▸ Your instructions
When the listing below reaches the line that has "Navy blue yoga", start reproducing exactly; stop after the line that has "10445 Northwest Suncrest", and drop the pictures.

*** Block opens ***

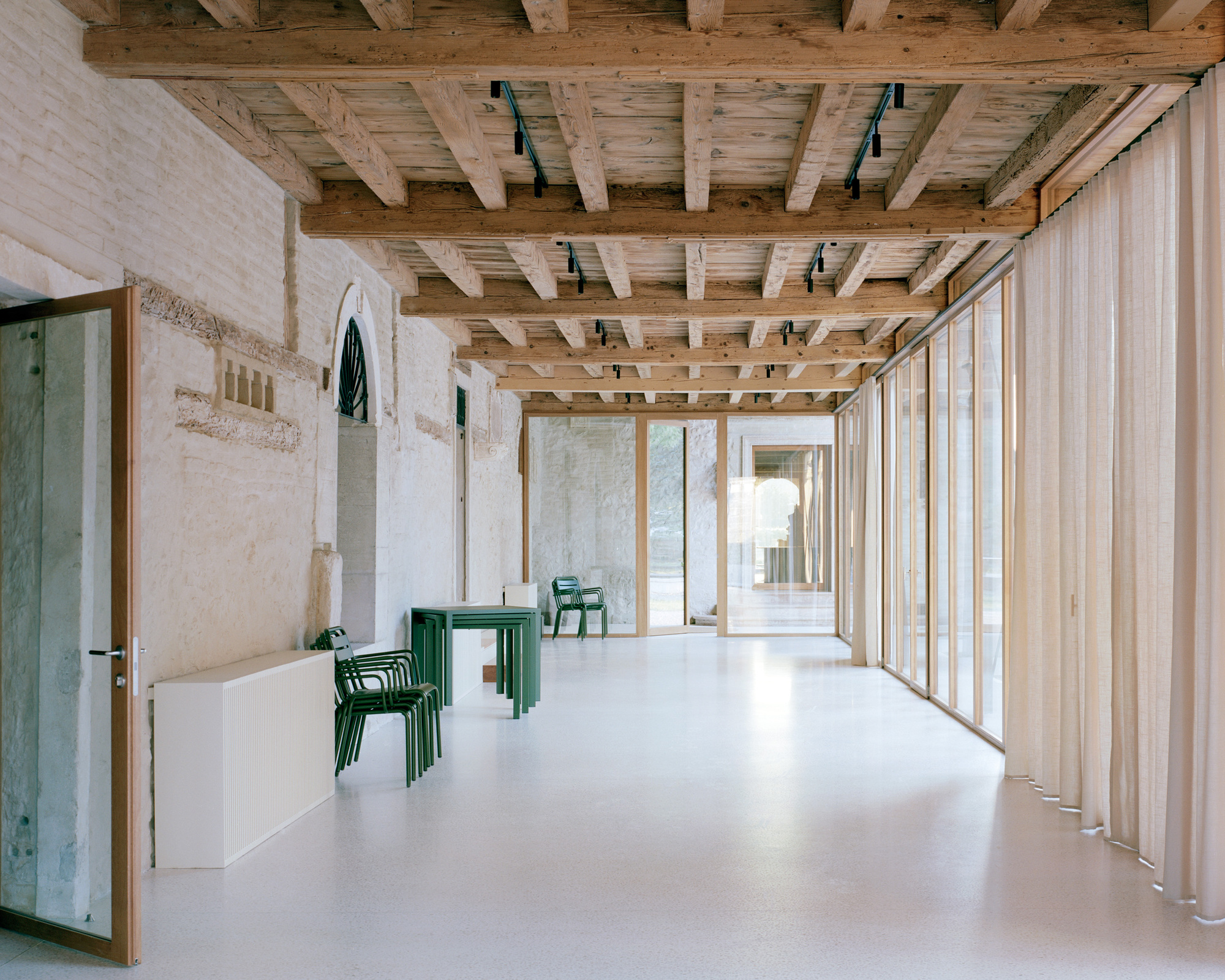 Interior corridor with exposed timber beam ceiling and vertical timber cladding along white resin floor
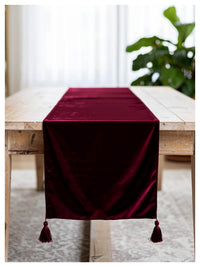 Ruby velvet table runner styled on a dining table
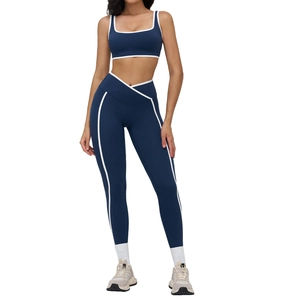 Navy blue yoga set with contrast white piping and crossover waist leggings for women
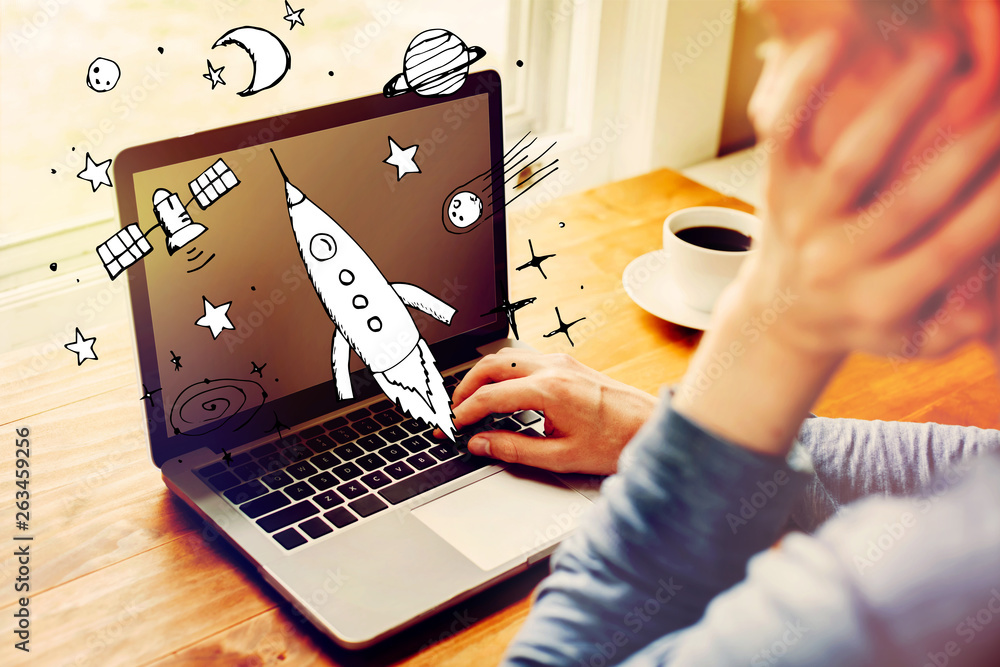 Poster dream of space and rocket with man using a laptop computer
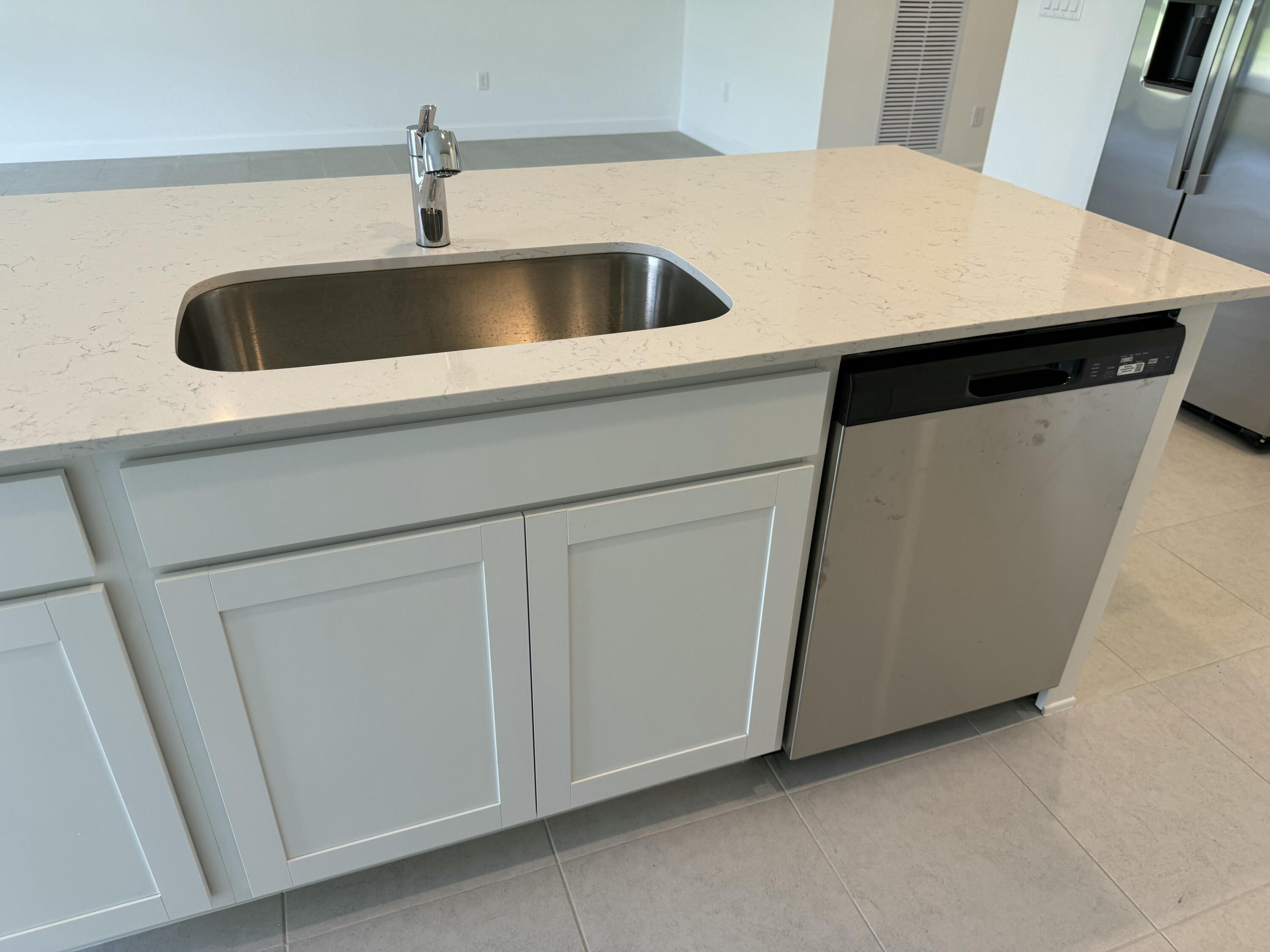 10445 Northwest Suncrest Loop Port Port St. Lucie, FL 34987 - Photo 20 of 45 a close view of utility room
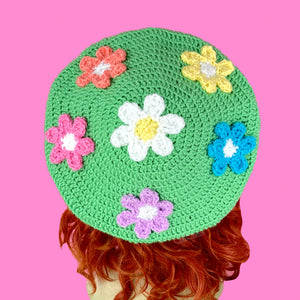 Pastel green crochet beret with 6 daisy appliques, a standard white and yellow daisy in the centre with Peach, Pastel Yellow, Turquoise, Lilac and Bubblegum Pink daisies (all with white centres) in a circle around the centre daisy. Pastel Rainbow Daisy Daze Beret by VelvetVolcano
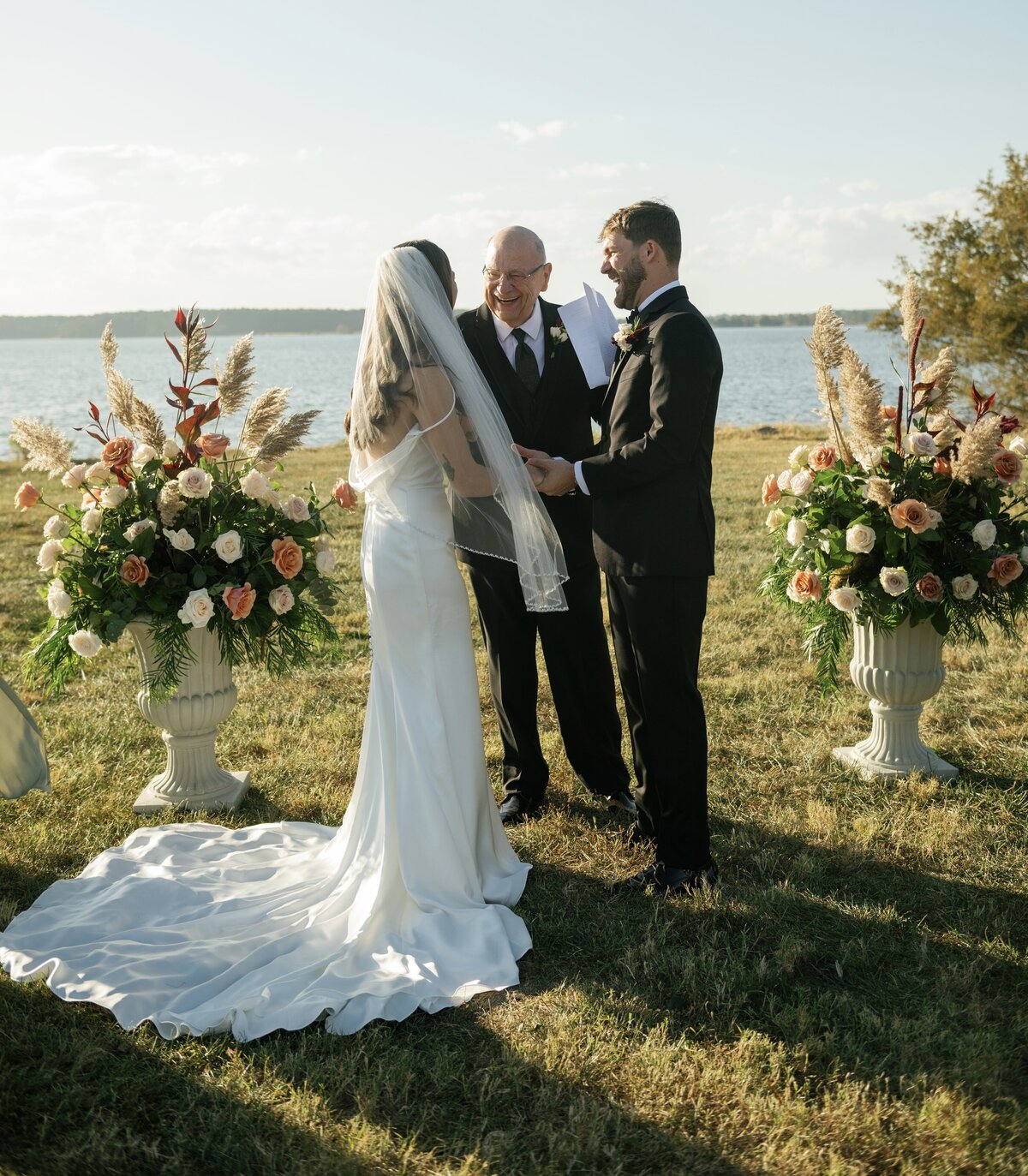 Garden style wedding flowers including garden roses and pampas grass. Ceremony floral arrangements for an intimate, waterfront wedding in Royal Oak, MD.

*** Block closes ***

▸ Response area
 Navy blue yoga set with contrast white piping and crossover waist leggings for women
 Poster dream of space and rocket with man using a laptop computer
 10445 Northwest Suncrest Loop Port Port St. Lucie, FL 34987 - Photo 20 of 45 a close view of utility room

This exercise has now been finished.